Beyond this sign lies Machu Picchu, the holiest citadel of the Inca Empire.
In the 15th century, Machu Picchu reigned as an Andean palace of sacred temples, mysterious ritual stones, and astronomical markers that predict the movements of the planets and stars. Today Machu Picchu reigns as a beacon for horny tourists to take their profile photos for Hinge.
Just steps from here, an otherworldly experience awaits you: Behold the powerful Intihuatana stone used to mark the Winter Solstice. Climb to towering heights and enter the Inti Mach’ay Cave where Incas once observed the Royal Feast of the Sun. Gaze upon Machu Picchu’s impressive ashlar architecture where precisely-fitted, polished stones have withstood rain and earthquakes for centuries. Then gloss over this history entirely, because what you really want is a hot selfie to maximize your Tinder booty calls. We’ve accepted that this is the new purpose of our hallowed fortress. We’re at peace with it.
Two mighty rulers, Pachacutec Inca Yupanqui and Túpac Inca Yupanqui (not the rapper — stop asking) oversaw the construction of Machu Picchu. But to understand its true nature, we must first understand how Incan life was influenced by a mixture of spiritual traditions, celestial events, and practical matters of agriculture and governance. We used to have a much longer sign that explained this stuff, but no one read it, and you probably don’t care either. You just want to look foxy and adventurous on Coffee Meets Bagel. It’s fine.

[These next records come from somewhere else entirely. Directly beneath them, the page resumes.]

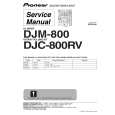 PIONEER DJM-800/WAXJ5 Manual de Servicio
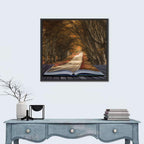 Surreal Book Pathway Wall Art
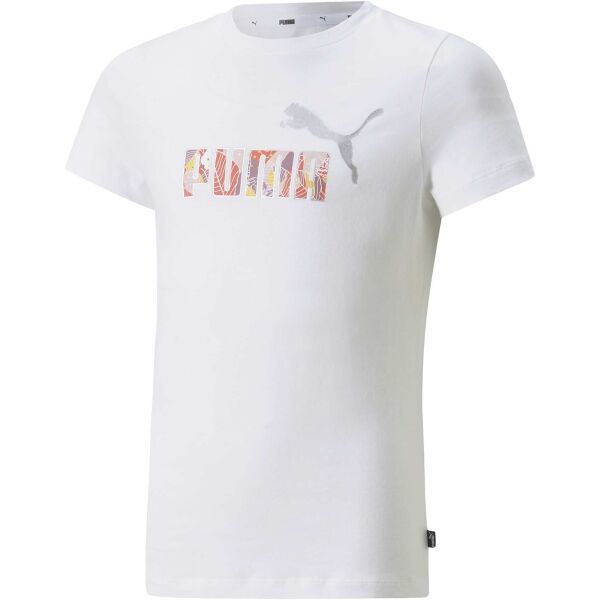 Puma Puma ESS+BLOOM LOGO TEE G Тениска за момичета, бяло, размер 128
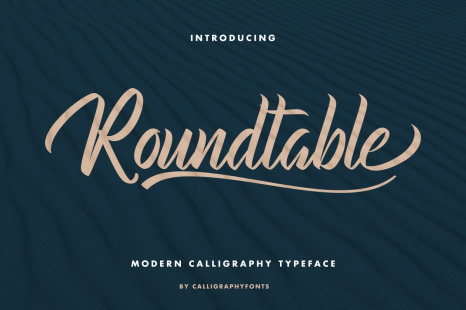 Roundtable Calligraphy Font - Beautiful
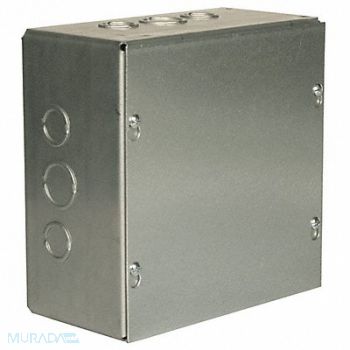 WIEGMANN Enclosure Mtlc 16In.Hx 16In.Wx4In.D, 6HYF9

Machu Picchu Hiking & Photography Rules
To preserve this Seventh Wonder of the World, we limit Machu Picchu to 2,500 visitors per day. Literally, all of them take their OkCupid pics here. That’s 912,500 dating profiles per year.
At this very moment, all 9 million Bumble users are frantically booking tickets to Peru. We wish they were coming here to delight in the magnificent system of canals that not only irrigated Machu Picchu’s terraces but also cleverly prevented flooding throughout the city. But no. These people want a backdrop for their latest thirst trap. We get it. It’s sad, but we get it.
All we ask of you now is to help us avoid total desecration by observing our visitor rules:
1. To prevent soil erosion, keep on the designated paths at all times.
2. No animal, bird, fossil, or artifact shall be removed from Machu Picchu. The only things you may take are sexy pics. Allowed photographs include:
- One pose of you, back to the camera, arms outstretched, your supple body framed by the majestic Andes, signifying your depth as a lover.
- A showboating yoga pose in front of the Temple of Three Windows, to demonstrate that you will be limber in bed.
- A fun pose of you holding up a “peace sign,” while standing upon the grave of any Capacocha (child sacrifice mummy).
3. Please remember that we are a UNESCO world heritage site, and climbing to the top of the mighty Huayna Picchu Mountain, then screaming, “I’m gettin’ laid, baby! Bow chicka wow wow”—could cause a spiritual landslide. If you do this, you will be asked to leave and your dating profile will feature only your unique personality, which may mean you don’t have sex for a long time.
4. No littering.
The Riddle of Machu Picchu
Quechua scholars are tormented by this modern enigma: Why Machu Picchu? Could tourists pull ass with The Taj Mahal? The Great Wall of China? The Mausoleum at Halicarnassus? For reasons unknown, the answer is no, no, no. Apparently, it’s Machu Picchu, or die a virgin, sad and alone.
After taking your Machu Picchu pictures, we ask you to please leave quickly to make room for the next batch of singles who are hot to globetrot. We are also aware that you want to spice up your profile with a picture of you petting a tranquilized tiger, however, we do not have tigers at Machu Picchu. Try the zoo in Lima. They sell more snacks than we do.